Le quai Malaquais vu en enfilade. — À droite, au premier plan, la maison de briques qui fait l’angle de la rue Bonaparte. — À gauche, une espèce de baraque provisoire qui interrompt la ligne des arbres du quai. Au fond, le débouché de la rue de Seine, le pavillon de l’Institut et une échappée de vue sur les ponts et les quais de la rive droite de la Seine. — Il fait clair de lune.


Scène première

DEUX BOURGEOIS, arrivant du fond et se dirigeant vers la rue Bonaparte.
Premier Bourgeois.

Quelle solitude ! Il est dix heures du soir, les quais sont déserts comme à deux heures du matin ; c’est lugubre.

Deuxième Bourgeois.

Ma foi, j’aime mieux ce silence que les saturnales dont Paris a retenti pendant huit jours. Il se recueille, il se prépare à la défense.

Premier Bourgeois.

Il est temps. L’ennemi est à Noisy, nous serons investis avant peu. — Restez-vous ?

Deuxième Bourgeois.

Certainement. Et vous ?

Premier Bourgeois.

Moi aussi. Je suis vieux, mais encore assez solide pour faire mon devoir à côté de mes fils. Ce qui me désole, c’est que ma femme ne veut pas partir ; elle dit qu’elle mourrait d’inquiétude loin de nous et que son poste est à nos côtés.

Deuxième Bourgeois.

Elle a raison. La mienne aussi voulait rester, mais je l’ai décidée à partir avec les enfants. Cette séparation m’est très pénible ; mais nous ne savons pas à quelles extrémités nous pouvons être réduits, et je ne veux pas que ces pauvres petits êtres souffrent de la faim. (On entend le clairon dans le lointain.) Qu’est-ce que C’est que ça ?

Premier Bourgeois.

Sans doute des mobiles qui arrivent.

Deuxième Bourgeois.

Braves jeunes gens !

Premier Bourgeois.

Ainsi vous allez vous trouver seul !

Deuxième Bourgeois.

Mon Dieu, oui.

Premier Bourgeois.

C’est très dur.
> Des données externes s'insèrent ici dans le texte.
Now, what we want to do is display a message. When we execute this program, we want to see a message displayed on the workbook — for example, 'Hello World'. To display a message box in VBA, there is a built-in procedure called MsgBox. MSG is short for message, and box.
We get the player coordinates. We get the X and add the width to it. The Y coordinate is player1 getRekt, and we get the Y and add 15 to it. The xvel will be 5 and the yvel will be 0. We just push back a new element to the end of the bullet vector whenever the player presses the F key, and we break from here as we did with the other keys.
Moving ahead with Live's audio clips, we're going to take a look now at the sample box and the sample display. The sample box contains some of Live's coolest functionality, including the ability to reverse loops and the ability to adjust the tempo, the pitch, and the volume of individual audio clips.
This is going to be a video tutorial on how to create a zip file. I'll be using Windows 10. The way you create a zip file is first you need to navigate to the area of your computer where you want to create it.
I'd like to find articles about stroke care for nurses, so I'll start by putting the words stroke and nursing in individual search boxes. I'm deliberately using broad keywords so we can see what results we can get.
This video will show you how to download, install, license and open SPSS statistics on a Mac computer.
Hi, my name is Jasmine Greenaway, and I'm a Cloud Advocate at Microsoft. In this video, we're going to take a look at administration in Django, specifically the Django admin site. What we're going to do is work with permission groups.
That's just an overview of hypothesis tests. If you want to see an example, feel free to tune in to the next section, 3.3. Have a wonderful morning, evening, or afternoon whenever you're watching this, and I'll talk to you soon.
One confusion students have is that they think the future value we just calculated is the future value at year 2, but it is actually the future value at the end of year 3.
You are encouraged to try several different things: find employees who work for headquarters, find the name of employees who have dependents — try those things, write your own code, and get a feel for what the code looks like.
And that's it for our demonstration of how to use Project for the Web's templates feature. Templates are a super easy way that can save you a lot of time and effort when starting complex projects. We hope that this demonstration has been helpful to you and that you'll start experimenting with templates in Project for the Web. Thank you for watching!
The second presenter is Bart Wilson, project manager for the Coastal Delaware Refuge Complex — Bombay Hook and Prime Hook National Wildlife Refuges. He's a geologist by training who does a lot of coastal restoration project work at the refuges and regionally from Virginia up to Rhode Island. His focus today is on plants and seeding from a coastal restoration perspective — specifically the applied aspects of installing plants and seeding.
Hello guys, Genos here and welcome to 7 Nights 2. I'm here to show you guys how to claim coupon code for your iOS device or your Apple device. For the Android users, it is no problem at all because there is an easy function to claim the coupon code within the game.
Mais vous savez, voisin, que vous aurez toujours une place à notre table et au coin de notre feu… tant que nous aurons un morceau de pain et une bûche.

Deuxième Bourgeois.

Merci, mon ami… je ne dis pas non.

Ils disparaissent dans la rue Bonaparte.



Scène II

JEAN, puis CHATEAUVIEUX.
Jean, sort de la maison de briques et reste un moment en silence contemplant Paris.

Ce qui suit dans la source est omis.